I'm all up for it! same rules as last year is what I say. 75 points for a doe and 75 points for a buck or if his rack scores more than 75 go with the rack number.


----------



## PSE.Stinger (Jan 27, 2010)

the whole year long contest was kinda a bomb if you ask me it didnt go to well so this one needs to be more orginized i think


----------



## countryboy173 (Jul 18, 2008)

yes, definately more organized. Deer only, like ignition said 75 points for a doe, 75 point for a buck or inches of horn. Bow only, and random teams not based on brand affiliation.


----------



## MartinHunter12 (Jan 6, 2010)

Im ready to sign up now! lets do it:teeth:


----------



## Hoytmaxxis321 (Jun 30, 2010)

We need teams cause I'm going deer hunting this weekend.


----------



## N7709K (Dec 17, 2008)

What do we want to do, two deer a person? One?


----------



## cali hunter (Oct 31, 2009)

count me in!
and i say as many deer as u harvested legally!!!


----------



## N7709K (Dec 17, 2008)

cali hunter said:


> count me in!
> and i say as many deer as u harvested legally!!!

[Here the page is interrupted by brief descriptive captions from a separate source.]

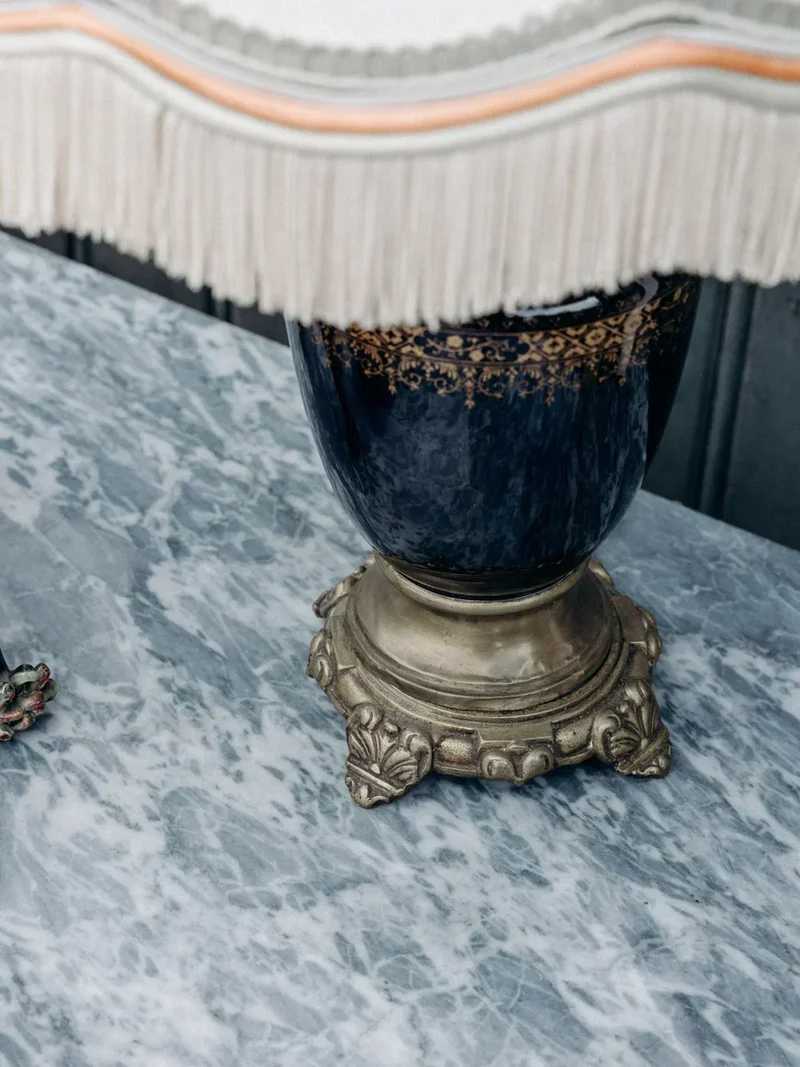 Suzanne, la lampe à poser en faïence N°141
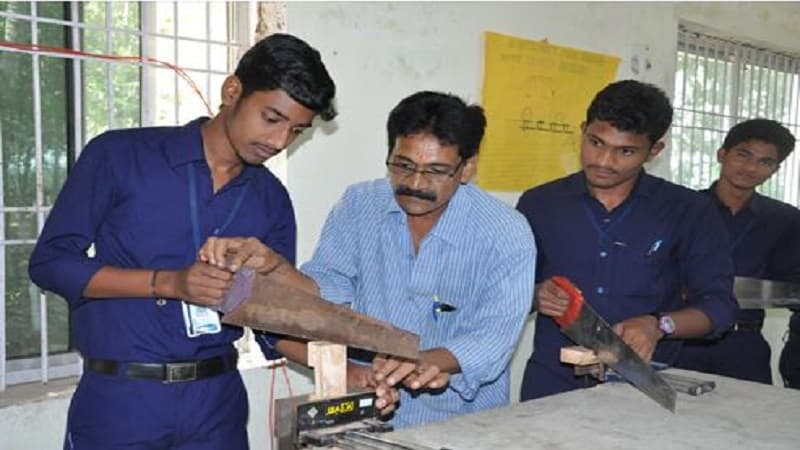 Indira Institute of Technology & Sciences Prakasam Labs photo 9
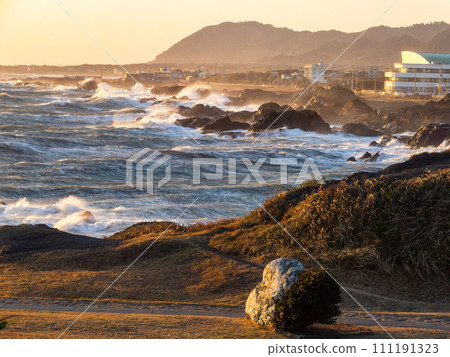 從野島崎看到太平洋的動態日落景觀,風大浪急 從野島崎看到太平洋的動態日落景觀,風大浪急 111191323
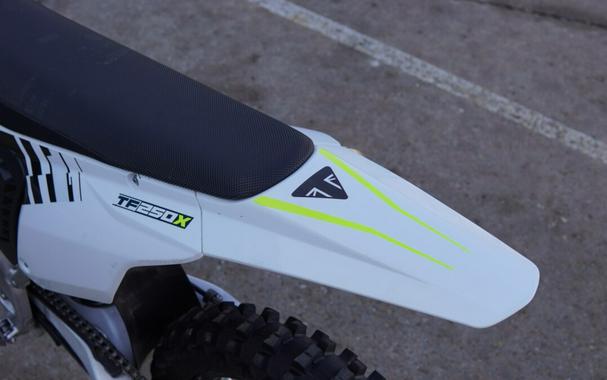 2024 Triumph TF 250-X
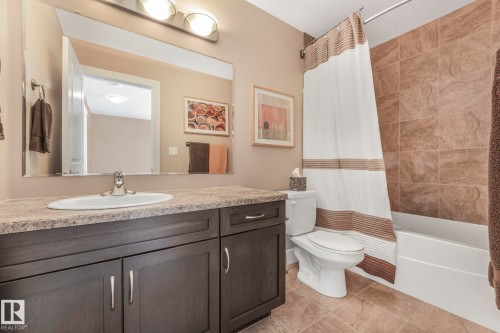 46 Willowdale Place, Stony Plain, AB - Indoor Photo Showing Bathroom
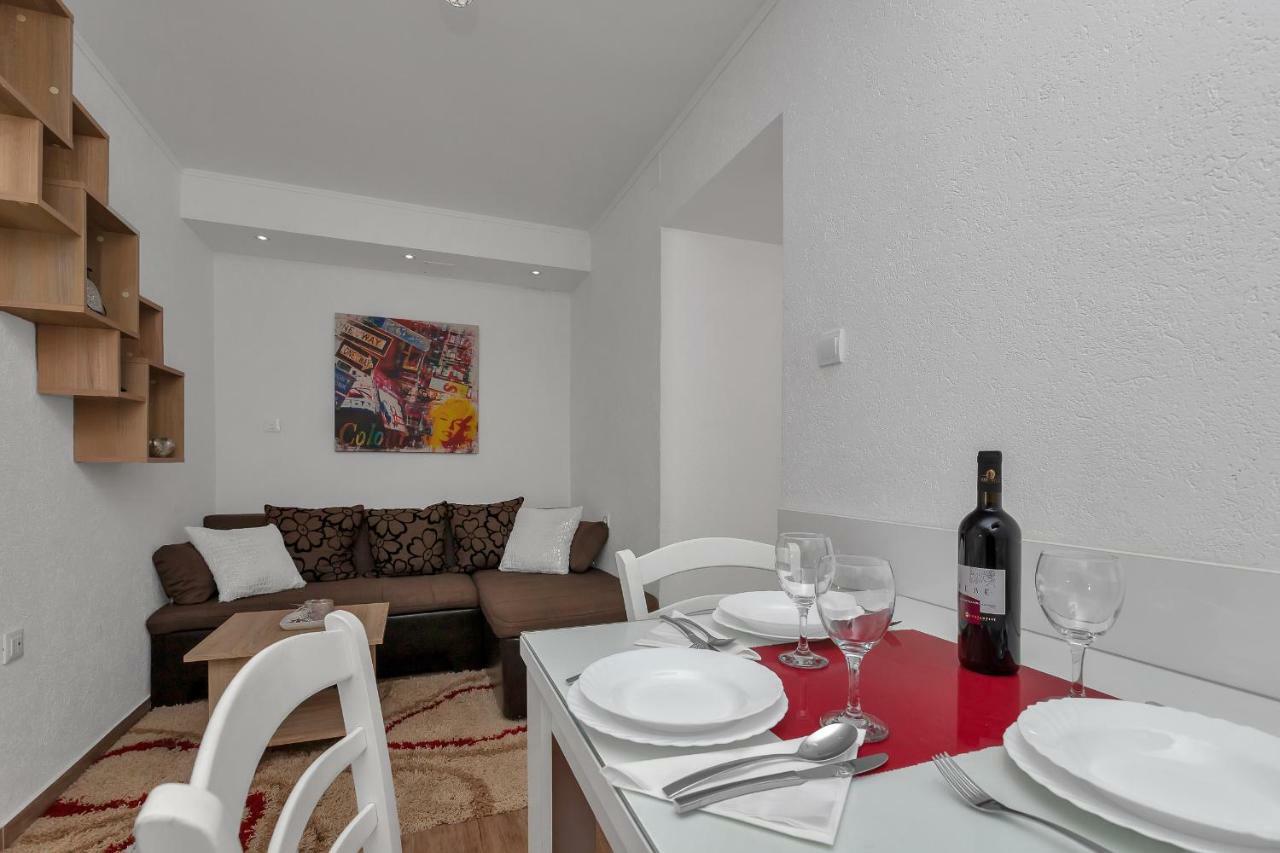 Apartmani Mona Makarska Exterior foto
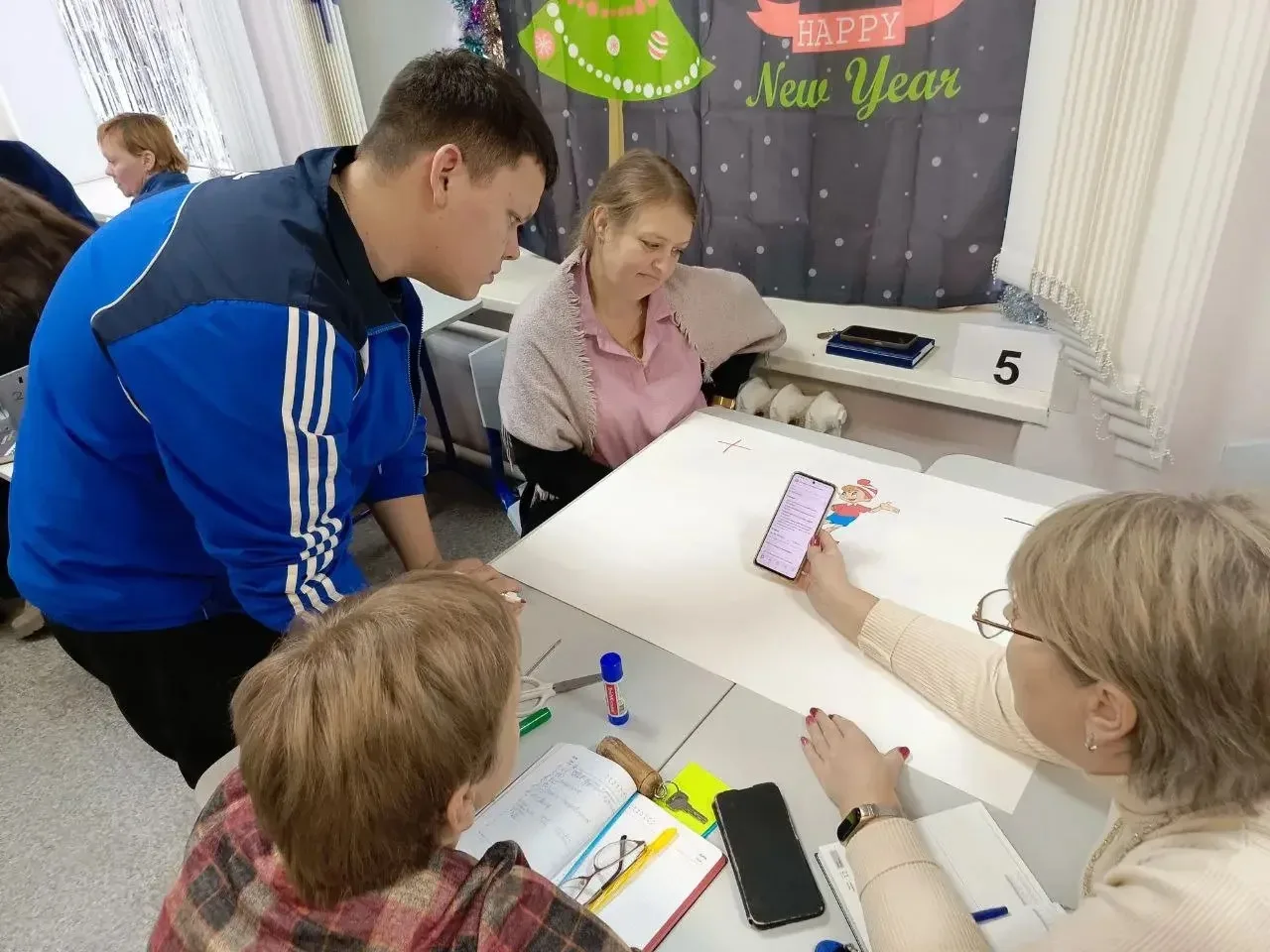 ПЕДАГОГ-ПСИХОЛОГ В ЛИЦАХ: ИЗМАЙЛОВА ТАТЬЯНА НИКОЛАЕВНА   «Быть психологом — значит обладать "професс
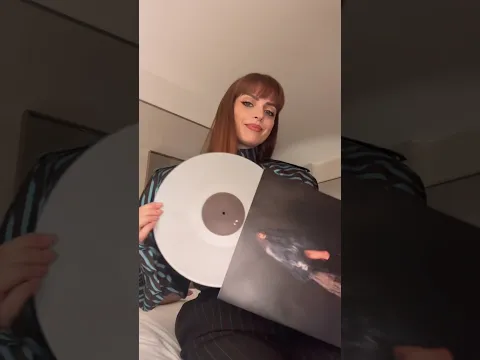 Ecco qui MA IO SONO FUOCO PLATINUM EDITION in tutto il suo splendore ✨Fuori dal 9 ottobre ❤️🔥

only problem with that is everyone can harvest a different amount. In mn i can take two deer, AK i can take 5.....


----------



## muzzyman1212 (Mar 28, 2009)

we just need to find out what the deer limit is for the states we live in and just have the max limit possible i say it sould be 3 with no more than 2 bucks and are we doin teams or individual? plus we need to put an limit on age i say 21 heck i will be in charge as long as someone else helps out :shade:


----------



## Hoytmaxxis321 (Jun 30, 2010)

Im deer hunting this weekend so we need teams fast


----------



## muzzyman1212 (Mar 28, 2009)

Hoytmaxxis321 said:


> Im deer hunting this weekend so we need teams fast


dude calm down you can go huntin this weekend you just cant tell us if you get anything and then when we make the teams you can post up pictures and get your score if you get something:shade:


----------



## N7709K (Dec 17, 2008)

I would vote for one buck per person, but I'll be in a minority. 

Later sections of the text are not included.